Here we display each text with a markup indicating intensifiers and valenced words with a value in parentheses immediately following those words (asterisk for intensifiers, and lexicon presence for valenced words), followed by a coloured markup, and concluding with the valence value. Note that some lexica contain the same word with opposite valences. For example, the word `meaning` appears in one lexicon with a negative valence and in another with a positive valence. Unlike the parenthesis-based markup, the coloured markup is based on the net presence in lexica, so `meaning` will appear as though it is not valenced at all.

The variable `scaleparam` adjusts the valence calculation by the ratio between a text's length (in words) and this parameter (see the comment at the start of the calibration section above). 

In [None]:
scaleparam = 743  # mean nr. words per text in scaler corpus (743 for US rep. corpus)
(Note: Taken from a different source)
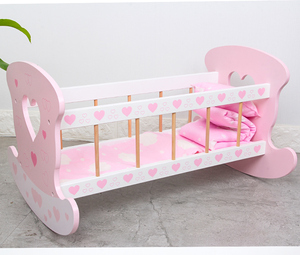 COMMIKI en <span class=keywords><strong>bois</strong></span> bébé poupée berceau semblant meubles <span class=keywords><strong>lit</strong></span> enfants jeu <span class=keywords><strong>de</strong></span> rôle jouet petit <span class=keywords><strong>lit</strong></span> pour filles et garçons éducatif Playhouse jouet - Product Image 3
rescaledvalences = [calval * (len(text.split())/scaleparam) \
                    for calval, text in zip(calvalences, texts)]

In [None]:
# Display each sentence twice, first with markup in parentheses and then in color 
# Follow this by the valence value
for markeduptext, calibratedvalence, rescaledvalence in zip(markeduptexts, calvalences, rescaledvalences):
    print(markeduptext, '\n')
    print(valence.formatvalencemarking(markeduptext, format='color'), '\n')
    print('=> Calibrated valence: {:5.2f} if taken as full text;\n {:27.2f} contribution to overall valence of an average-length text\n\n'.format(
          calibratedvalence, rescaledvalence))

### Done!